Ele ainda citou receios com o procedimento legal, afirmou que não há tempo adequado para a preparação dos depoimentos até as datas propostas e que as autoridades não devem testemunhar sem um conselho executivo presente para controlar o vazamento de informações confidenciais.

O secretário também disse que as gravações solicitadas pela Câmara dos Representantes estão sujeitas a restrições relativas a informações secretas e que não há base legal para a afirmação do comitê de que o não comparecimento para depor constituiria provas de obstrução de justiça.

"Deixe-me ser claro: eu não vou tolerar essas táticas e vou usar todos os meios disponíveis para prevenir e expor qualquer tentativa de intimidar profissionais dedicados", escreveu Pompeo.

Em reação ao comunicado do secretário de Estado, o chefe da comissão de Relações Exteriores da Câmara, Eliot Engel, divulgou nota junto com outros dois colegas na qual afirma que Pompeo deve "parar imediatamente de intimidar testemunhas do Departamento com o objetivo de proteger a si mesmo e ao presidente".

"Qualquer esforço de intimidar testemunhas e impedi-las de falar no Congresso —incluindo funcionários do Departamento de Estado— é ilegal e constituirá evidência de obstrução no inquérito do impeachment." 

O comunicado diz ainda que, se Pompeo tiver estado de fato presente no momento em que Trump falou com o presidente ucraniano, ele também será chamado como testemunha do processo.

​O processo de impeachment foi detonado após um informante anônimo denunciar um telefonema realizado em 25 de julho, no qual Trump pediu ao presidente ucraniano que investigasse os negócios de Hunter Biden no país.

Hunter é filho de Joe Biden, ex-vice presidente durante as gestões de Barack Obama e um dos candidatos democratas mais bem cotados para enfrentar Trump na eleição presidencial de 2020.

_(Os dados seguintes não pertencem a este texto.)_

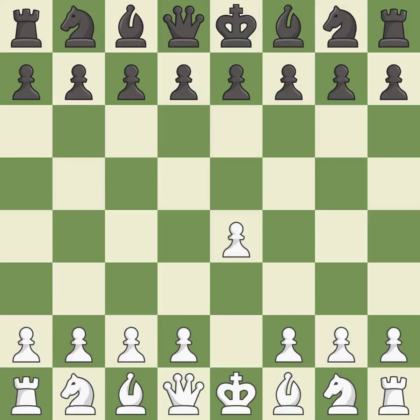Opening with the king's pawn controls the center and opens up the light-squared bishop and queen, often leading to sharp games.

Os democratas acusaram o presidente americano de pressionar um aliado vulnerável dos EUA a sujar um rival político para obter ganhos políticos pessoais.

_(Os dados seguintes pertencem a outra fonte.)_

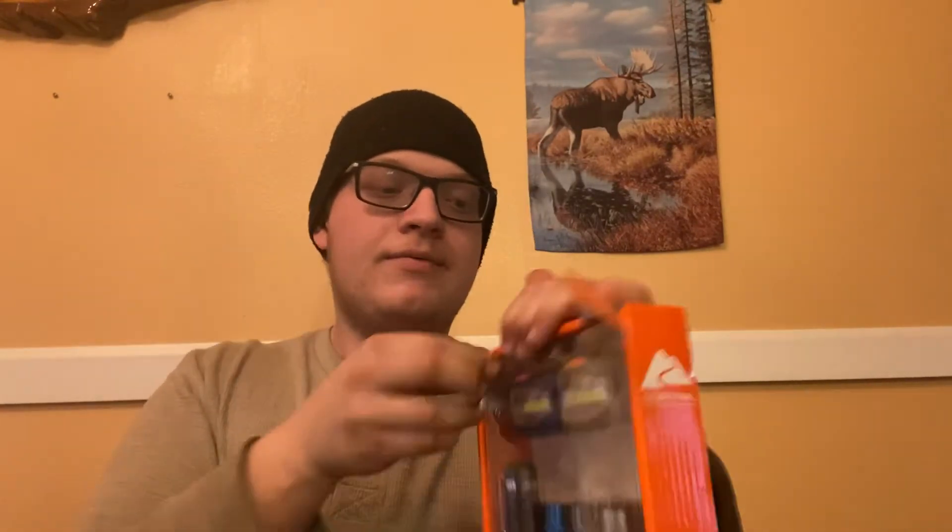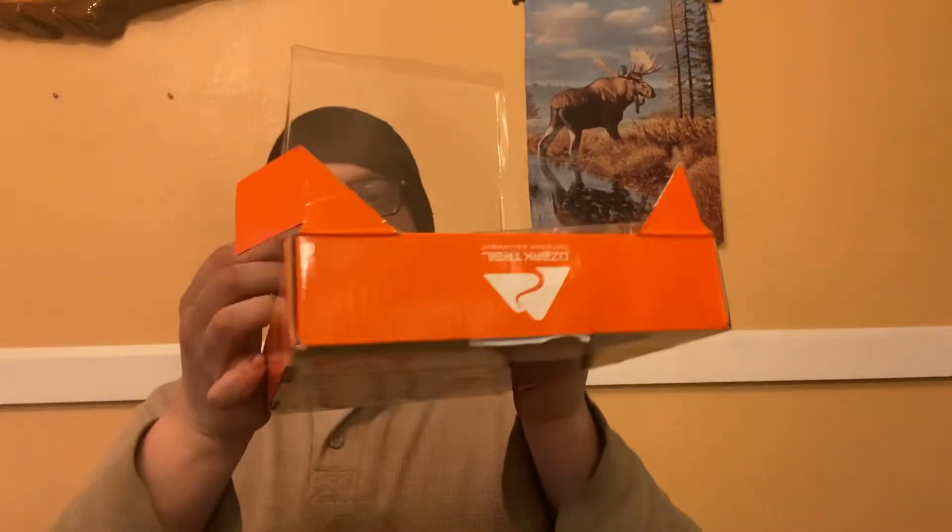It looks like these top corners fold up for some reason. So we'll fold these corners up and pull this top cover off. It folds up about halfway but that gives you plenty of room to get in on the flashlights. I'm just gonna use this knife I just reviewed to try and cut this plastic.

Uma semana antes de o telefonema ocorrer, o republicano havia congelado cerca de US$ 400 milhões em ajuda militar para a Ucrânia. Posteriormente, o auxílio foi concedido.

Nesta segunda (30), o Wall Street Journal revelou que Pompeo participou como ouvinte da ligação ao presidente ucraniano, o que reforça as evidências de que o secretário de Estado fez parte dos esforços de Trump para obter vantagens políticas por meio de líderes estrangeiros. 

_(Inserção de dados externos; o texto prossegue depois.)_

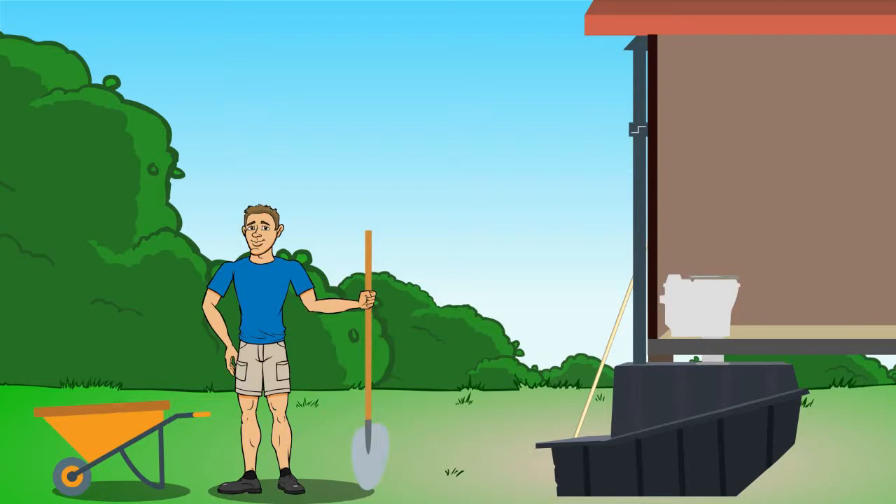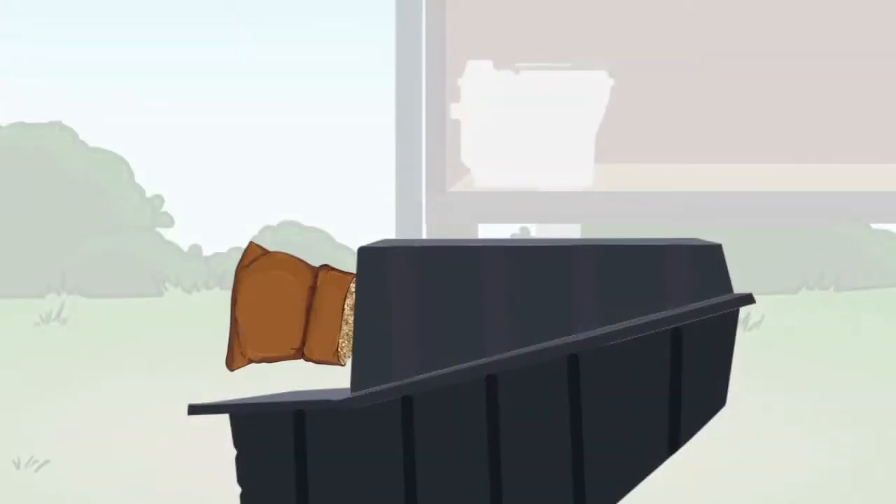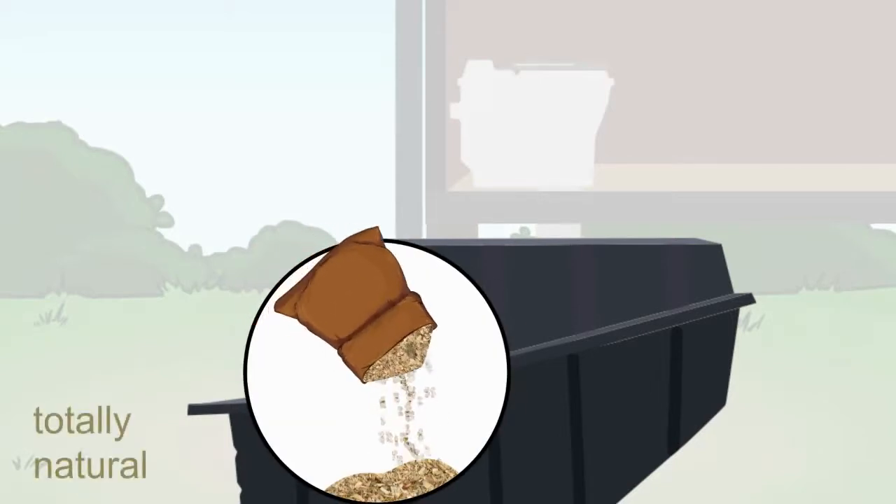How to maintain the waterless composting toilet to keep it working effectively for many years to come. Introducing the Clivus Multrum Waterless Composting Toilet. Once the tank is installed, add a layer of bulking agent and starter material to the empty composting tank as a starter bed. The composting toilet is now ready for use.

No mesmo dia, veio à tona a informação de que Trump também pressionou o premiê da Austrália,  Scott Morrison, a ajudar o Departamento de Justiça americano em uma investigação para minar as conclusões do procurador-especial Robert Mueller. 

Mueller foi o responsável pelo inquérito sobre a interferência da Rússia nas eleições de 2016, quando Trump foi eleito.

O procurador não isentou Trump das acusações de obstrução de Justiça.